**Assignment**
Please copy out all the data. Every detail stays the same.

(Data entries)

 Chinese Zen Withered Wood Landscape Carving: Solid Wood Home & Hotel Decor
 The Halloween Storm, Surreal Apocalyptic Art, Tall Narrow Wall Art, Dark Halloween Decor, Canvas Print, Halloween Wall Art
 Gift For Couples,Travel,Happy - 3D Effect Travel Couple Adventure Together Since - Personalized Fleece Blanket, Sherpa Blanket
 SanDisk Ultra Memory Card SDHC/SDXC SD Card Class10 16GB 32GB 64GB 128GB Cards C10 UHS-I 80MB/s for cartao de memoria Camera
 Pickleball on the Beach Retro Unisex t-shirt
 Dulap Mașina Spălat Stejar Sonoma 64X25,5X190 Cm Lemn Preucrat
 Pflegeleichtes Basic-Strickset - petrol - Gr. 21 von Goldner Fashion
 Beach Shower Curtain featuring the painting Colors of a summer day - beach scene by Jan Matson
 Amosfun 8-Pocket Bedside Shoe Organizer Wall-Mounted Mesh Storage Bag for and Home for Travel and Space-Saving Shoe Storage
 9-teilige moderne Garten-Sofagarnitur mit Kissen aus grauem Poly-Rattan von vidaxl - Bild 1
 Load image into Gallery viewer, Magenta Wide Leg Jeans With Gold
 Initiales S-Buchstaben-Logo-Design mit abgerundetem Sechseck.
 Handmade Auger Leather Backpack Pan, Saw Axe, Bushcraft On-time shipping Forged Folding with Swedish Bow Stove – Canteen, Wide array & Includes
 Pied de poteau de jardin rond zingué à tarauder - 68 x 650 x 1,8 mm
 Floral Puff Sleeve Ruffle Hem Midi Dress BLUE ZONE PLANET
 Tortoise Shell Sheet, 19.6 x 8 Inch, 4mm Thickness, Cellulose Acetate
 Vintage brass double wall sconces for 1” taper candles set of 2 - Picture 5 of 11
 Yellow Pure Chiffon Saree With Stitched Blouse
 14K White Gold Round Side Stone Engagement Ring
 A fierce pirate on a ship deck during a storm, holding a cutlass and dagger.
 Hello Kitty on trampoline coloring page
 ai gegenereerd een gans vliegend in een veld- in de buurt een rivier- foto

**Result**
 Chinese Zen Withered Wood Landscape Carving: Solid Wood Home & Hotel Decor
 The Halloween Storm, Surreal Apocalyptic Art, Tall Narrow Wall Art, Dark Halloween Decor, Canvas Print, Halloween Wall Art
 Gift For Couples,Travel,Happy - 3D Effect Travel Couple Adventure Together Since - Personalized Fleece Blanket, Sherpa Blanket
 SanDisk Ultra Memory Card SDHC/SDXC SD Card Class10 16GB 32GB 64GB 128GB Cards C10 UHS-I 80MB/s for cartao de memoria Camera
 Pickleball on the Beach Retro Unisex t-shirt
 Dulap Mașina Spălat Stejar Sonoma 64X25,5X190 Cm Lemn Preucrat
 Pflegeleichtes Basic-Strickset - petrol - Gr. 21 von Goldner Fashion
 Beach Shower Curtain featuring the painting Colors of a summer day - beach scene by Jan Matson
 Amosfun 8-Pocket Bedside Shoe Organizer Wall-Mounted Mesh Storage Bag for and Home for Travel and Space-Saving Shoe Storage
 9-teilige moderne Garten-Sofagarnitur mit Kissen aus grauem Poly-Rattan von vidaxl - Bild 1
 Load image into Gallery viewer, Magenta Wide Leg Jeans With Gold
 Initiales S-Buchstaben-Logo-Design mit abgerundetem Sechseck.
 Handmade Auger Leather Backpack Pan, Saw Axe, Bushcraft On-time shipping Forged Folding with Swedish Bow Stove – Canteen, Wide array & Includes
 Pied de poteau de jardin rond zingué à tarauder - 68 x 650 x 1,8 mm
 Floral Puff Sleeve Ruffle Hem Midi Dress BLUE ZONE PLANET
 Tortoise Shell Sheet, 19.6 x 8 Inch, 4mm Thickness, Cellulose Acetate
 Vintage brass double wall sconces for 1” taper candles set of 2 - Picture 5 of 11
 Yellow Pure Chiffon Saree With Stitched Blouse
 14K White Gold Round Side Stone Engagement Ring
 A fierce pirate on a ship deck during a storm, holding a cutlass and dagger.
 Hello Kitty on trampoline coloring page
 ai gegenereerd een gans vliegend in een veld- in de buurt een rivier- foto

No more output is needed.